Re: [Pacemaker] Time to a service stop is very long.

Andrew Beekhof Wed, 27 Oct 2010 03:42:35 -0700

On Wed, Oct 27, 2010 at 12:36 PM, Andrew Beekhof <[email protected]> wrote:
> On Thu, Oct 21, 2010 at 10:30 AM,  <[email protected]> wrote:
>> Hi,
>>
>> We confirmed movement when we set freeze in no-quorum-policy.
>> In the cluster that freeze setting became effective, we stopped the service.
>>
>> However, a stop of the service took time very much.
>>
>> We set "shutdown-escalation" for five minutes to shorten the time for test.
>> But, a stop of the service of one node takes time more than five minutes.
>>
>> I confirmed it in the next procedure.
>>
>> Step1) Start four nodes and send cib.xml.
>> Step2) Intercept Heartbeat communication and divide it in two nodes.

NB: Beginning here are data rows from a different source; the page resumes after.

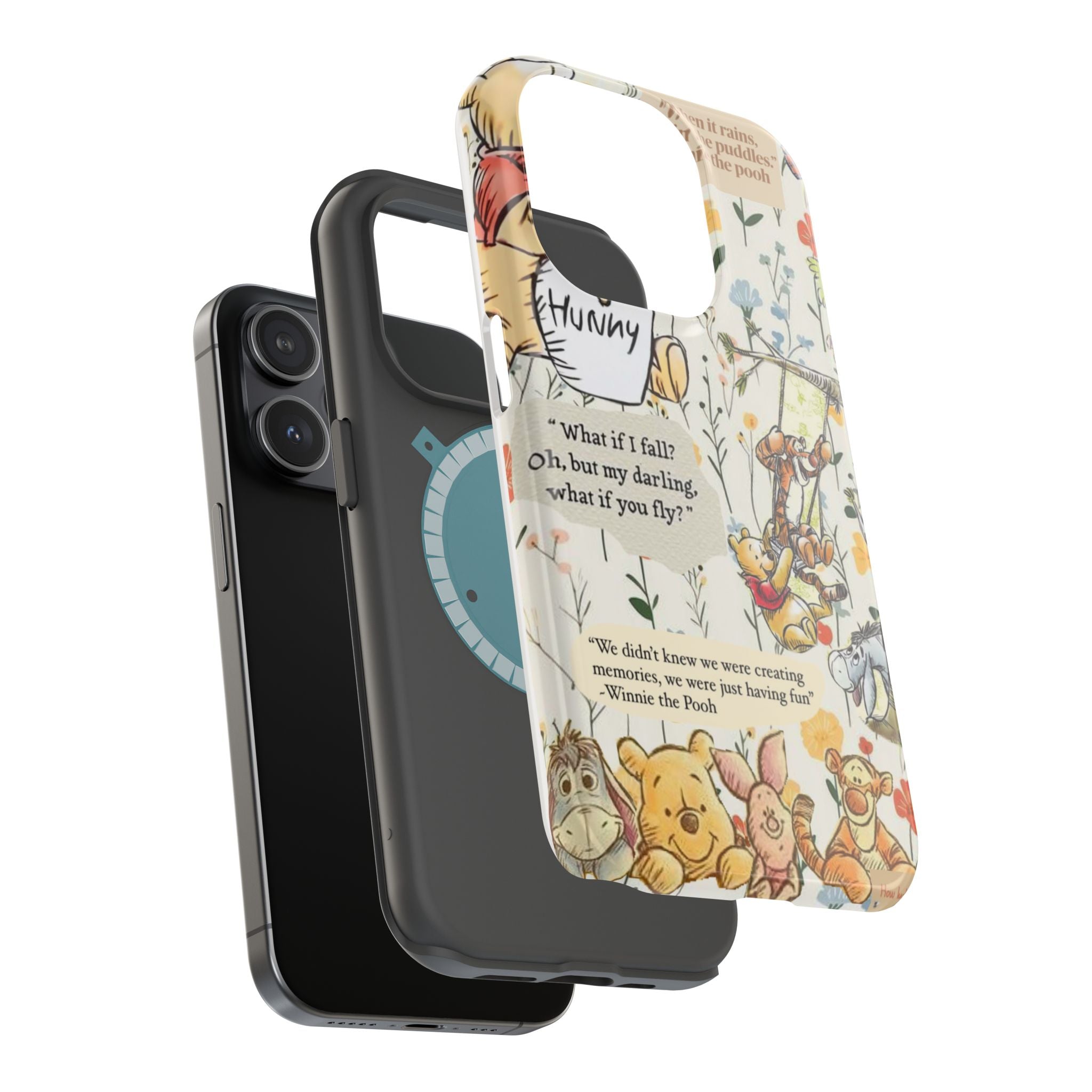 Magnetic Impact-Resistant Cases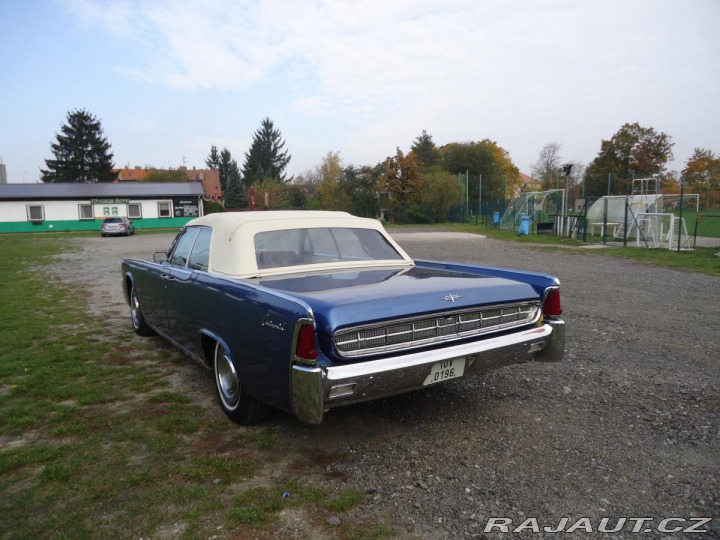 Lincoln Ostatní modely Continental Convertible 1963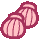 Sprite of the Shell Earrings in Paper Mario: The Thousand-Year Door.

>> Step3) The node does freeze.
>> Step4) In two divided one nodes, we stop Hearbeat at the same time.
>>
>> [r...@srv03 ~]# service heartbeat stop
>> Stopping High-Availability services:
>> [r...@srv04 ~]# service heartbeat stop
>> Stopping High-Availability services:
>>
>> Step5) Heartbeat of one node stops in a few minutes.
>> [r...@srv04 ~]# service heartbeat stop
>> Stopping High-Availability services:                       [  OK  ]
>>
>> Step6) But, Heartbeat of one node does not stop anymore unless, furthermore, 
>> time passes.
>>  * The timer of shutdown-escalation starts, but time when we set it(5min) 
>> does not seem to become
>> effective.
>>
>> [r...@srv03 ~]# service heartbeat stop
>> Stopping High-Availability services:                       [  OK  ]
>>
>> Oct 21 16:46:57 srv03 crmd: [4432]: info: do_shutdown_req: Sending shutdown 
>> request to DC: srv03
>> Oct 21 16:46:57 srv03 crmd: [4432]: info: handle_shutdown_request: Creating 
>> shutdown request for srv03
>> (state=S_IDLE)
>> Oct 21 16:53:07 srv03 cib: [4428]: info: cib_stats: Processed 805 operations 
>> (38149.00us average, 5%
>> utilization) in the last 10min
>> Oct 21 16:57:20 srv03 crmd: [4432]: ERROR: crm_timer_popped: Shutdown 
>> Escalation (I_STOP) just popped!
>> Oct 21 16:57:20 srv03 crmd: [4432]: ERROR: do_log: FSA: Input I_STOP from 
>> crm_timer_popped() received
>> in state S_IDLE
>> Oct 21 16:57:20 srv03 crmd: [4432]: info: do_state_transition: State 
>> transition S_IDLE -> S_STOPPING [
>> input=I_STOP cause=C_TIMER_POPPED origin=crm_timer_popped ]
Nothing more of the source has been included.